Vanessa Beecroft, White Madonna with Twins, 2006, Digital c-print, Galleria Lia Rumma
Time to play a little catch up around here. A few news points I’ve missed over the last couple of days as a result of various freelance jobs:
- For the few readers I have who don’t also read Kottke everyday, two important links from since he returned to his laptop this week: Those who want to read The Atlantic online can now do so without having to be a subscriber. As of this week the pay wall went down.
- Also via Kottke: A double blind peer review shows women more likely to get book deals if gender of the the author is unknown.

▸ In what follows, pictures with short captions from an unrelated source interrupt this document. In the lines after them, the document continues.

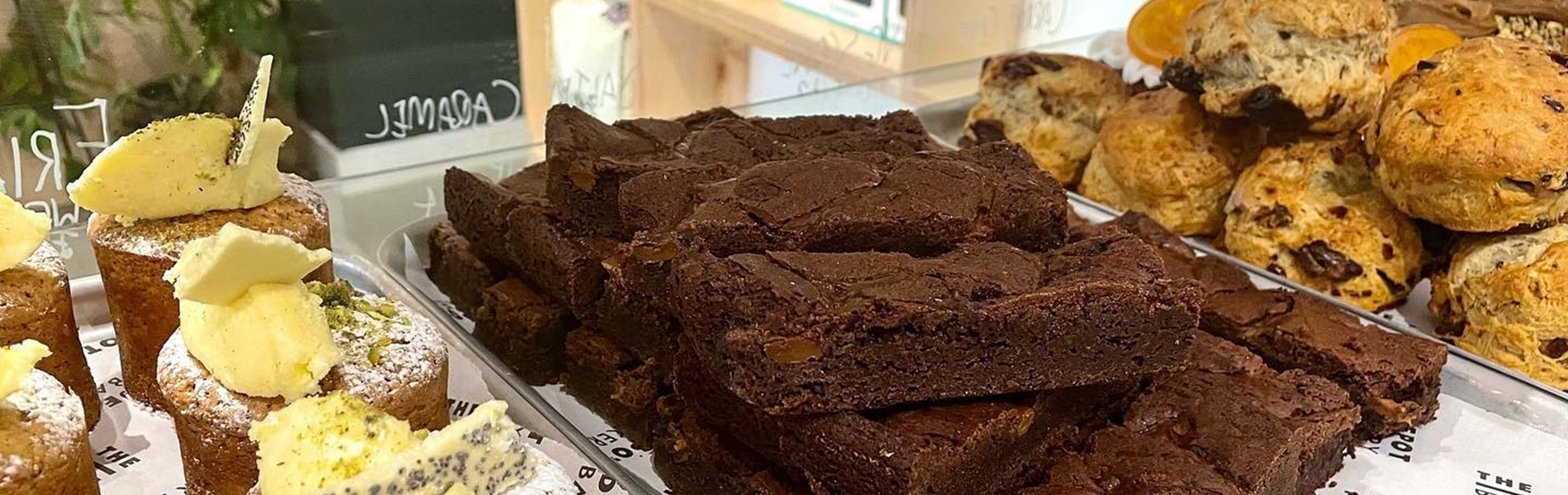 A selection of cakes, on the counter, at The Coach House (Hillsborough Park).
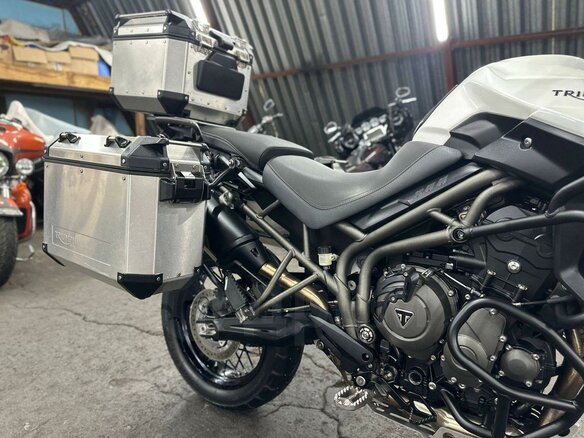 2019 Triumph Tiger 800, белый, 1050000 рублей - вид 16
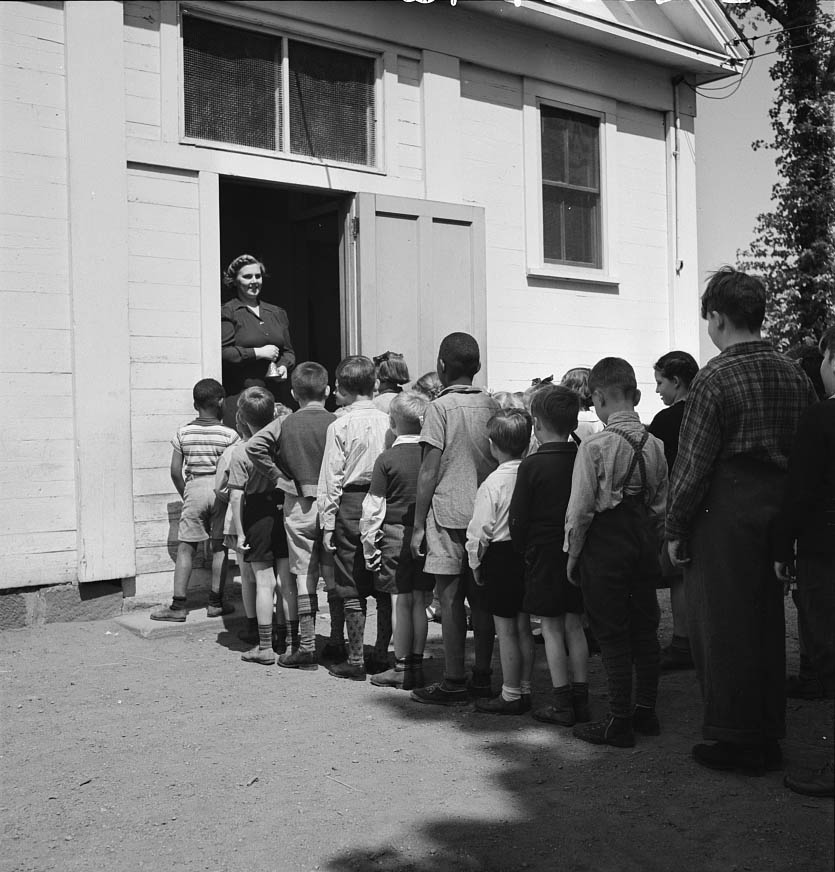 A one-room school, 1942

- Apparently W.H.D. Koerner has replaced Tom Lee as the president’s favorite artist. He’s not much of an improvement. Via Conscientious.
- Think the art entries on Wikipedia suck? You should. The Art Wikimarathon seeks to correct this problem on January 26th by collecting a bunch of art volunteers to pull an all nighters fixing a few of those write ups. Via Facebook and MTAA
- Art Star and the Sudanese Twins a film capturing Vanessa Beecroft’s fascination with herself and Sudanese orphans, lets the artist hang herself says Vulture. A rather large quote below:
Beecroft says her adoption [of the twins] will be “not just fetishization of the blacks. It will be a beginning of a relationship with that country.” The film documents the significant gap between Beecroft’s theory and her actions.
Upon her arrival in the Sudan, Beecroft hurries to set up a photo shoot, hiding the cameras from the orphanage’s sisters, calling the babies “these poor creatures.” Which baby should she photograph? “Either one or the other,” she says, “it doesn't matter.”
Repeatedly, Beecroft claims that she “loves this culture” — but, in the film's most disturbing scene, sisters from the orphanage try to stop her from stripping the children nude inside their abbey for an elaborate photo shoot. Beecroft refuses, complains, starts shooting again, and eventually loses a physical confrontation with one of the sisters, who takes the children away from her, furious that Beecroft is stripping children naked inside a church. “Christ, these people,” Beecroft moans, as she barricades herself inside, pushing a pew up against the door to keep the sisters out of their own abbey.
Um, ew! Beecroft shames the fine art profession with her racist and self involved behavior.